INFORMATION SHOWN —
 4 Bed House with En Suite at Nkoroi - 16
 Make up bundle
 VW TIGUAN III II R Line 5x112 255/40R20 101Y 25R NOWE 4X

WORK REQUEST —
The lines you need run from the one containing "Make up bundle" to the end of the listing. Output exactly those, both ends included.

SOLUTION TO THE PROBLEM —
 Make up bundle
 VW TIGUAN III II R Line 5x112 255/40R20 101Y 25R NOWE 4X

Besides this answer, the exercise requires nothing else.